Hello,
I created an implementation of Ruby language support in antlr4. The code generation works. I am having an issue with debugging the runtime. The runtime mirrors the structure of the Python3 & Java runtimes so I am hoping that someone might point me towards the right part of the runtime to look. This all assumes someone might have seen a similar runtime bug or could imagine where that bug might live.
The bug is the Lexer token matching is too greedy. It seems the .*? construct is matching to the last ending character string instead of the first one it finds. The example below is illustrative.
This rule in the creole grammar:
NOWIKI
: '{{{' .*? '}}}'
;
Given an Input text:
{{{ text }}}
{{{ text }}}
{{{ text }}}
Instead of returning 7 tokens, it is only return 3.

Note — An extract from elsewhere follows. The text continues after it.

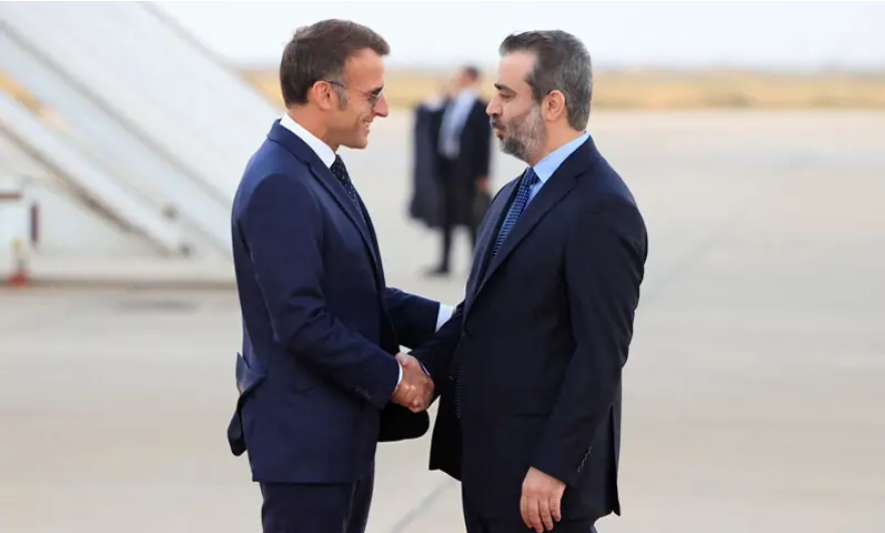 Macron arrives in Damascus, backs ‘free, pluralist Syria’ in landmark visit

The java runtime using TestRig with the -tokens produces the expected output:
[@0,0:11='{{{ text }}}',<16>,1:0]
[@1,12:12='\n',<15>,1:12]
[@2,13:24='{{{ text }}}',<16>,2:0]
[@3,25:25='\n',<15>,2:12]
[@4,26:37='{{{ text }}}',<16>,3:0]
[@5,38:38='\n',<15>,3:12]
[@6,39:38='<EOF>',<-1>,4:13]
Using my ruby runtime and a ruby version of testrig with -tokens produces;
[@0,0:37='{{{ text }}}\n{{{ text }}}\n{{{ text }}}',<16>,1:0]
[@1,38:38='\n',<15>,3:12]
[@2,39:38='<EOF>',<-1>,4:13]
The ruby runtime works for simple grammars and tokenizes fine in simple cases. I know this is a shot in the dark but I am out of ideas and am looking for a better understanding of the runtime structure that is doing this work or a hint of where to look for my bug or any ideas to help.
Thanks for your time,
Chad